The Atlantic October 2017: Anne Applebaum on the famine Stalin created in Ukraine:

In the years 1932 and 1933, a catastrophic famine swept across the Soviet Union. It began in the chaos of collectivization, when millions of peasants were forced off their land and made to join state farms. It was then exacerbated, in the autumn of 1932, when the Soviet Politburo, the elite leadership of the Soviet Communist Party, took a series of decisions that deepened the famine in the Ukrainian countryside. Despite the shortages, the state demanded not just grain, but all available food. At the height of the crisis, organized teams of policemen and local Party activists, motivated by hunger, fear, and a decade of hateful propaganda, entered peasant households and took everything edible: potatoes, beets, squash, beans, peas, and farm animals. At the same time, a cordon was drawn around the Ukrainian republic to prevent escape. The result was a catastrophe: At least 5 million people perished of hunger all across the Soviet Union. Among them were nearly 4 million Ukrainians who died not because of neglect or crop failure, but because they had been deliberately deprived of food.

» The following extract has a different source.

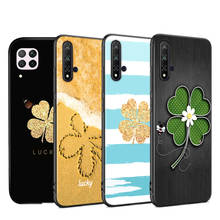 Four Leaf Clover Silicone Soft Cover For Huawei Nova 7i 7SE 6SE 5T 5i 5Z 5 4 4E 3 3i 3E 2 2i Pro Lite Phone Case 2024 - buy cheap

This wasn’t the potato famine. The grain didn’t rot in the fields, it was seized by the state along with all the other food, and the doors were locked.

Foreign journalists didn’t report on the famine, partly because they were threatened with expulsion if they did and partly because they were limited in where they could travel (Ukraine was forbidden). An aide of Lloyd George’s named Gareth Jones got off the train south early and walked through part of Ukraine, uncovering the truth. Journalists united to say he was nuts, an opportunist, deluded, blah blah blah – he was a terf, in short. His story was largely buried.

On March 31, just a day after Jones had spoken out in Berlin, [Walter] Duranty himself responded. “Russians Hungry But Not Starving,” read the New York Times headline. Duranty’s article went out of its way to mock Jones:

There appears from a British source a big scare story in the American press about famine in the Soviet Union, with “thousands already dead and millions menaced by death and starvation.” Its author is Gareth Jones, who is a former secretary to David Lloyd George and who recently spent three weeks in the Soviet Union and reached the conclusion that the country was “on the verge of a terrific smash,” as he told the writer. Mr. Jones is a man of a keen and active mind, and he has taken the trouble to learn Russian, which he speaks with considerable fluency, but the writer thought Mr. Jones’s judgment was somewhat hasty and asked him on what it was based. It appeared that he had made a 40-mile walk through villages in the neighborhood of Kharkov and had found conditions sad.

I suggested that that was a rather inadequate cross-section of a big country but nothing could shake his conviction of impending doom.

It wasn’t the popular narrative at the time, so Duranty laughed it off, knowing it was true.

Duranty continued, using an expression that later became notorious: “To put it brutally—you can’t make an omelette without breaking eggs.” He went on to explain that he had made “exhaustive inquiries” and concluded that “conditions are bad, but there is no famine.”

But there was, and he knew there was. He wanted to stay in Moscow and keep his role as the bigshot NY Times reporter on the Soviet Union, so he waved away Jones’s reporting.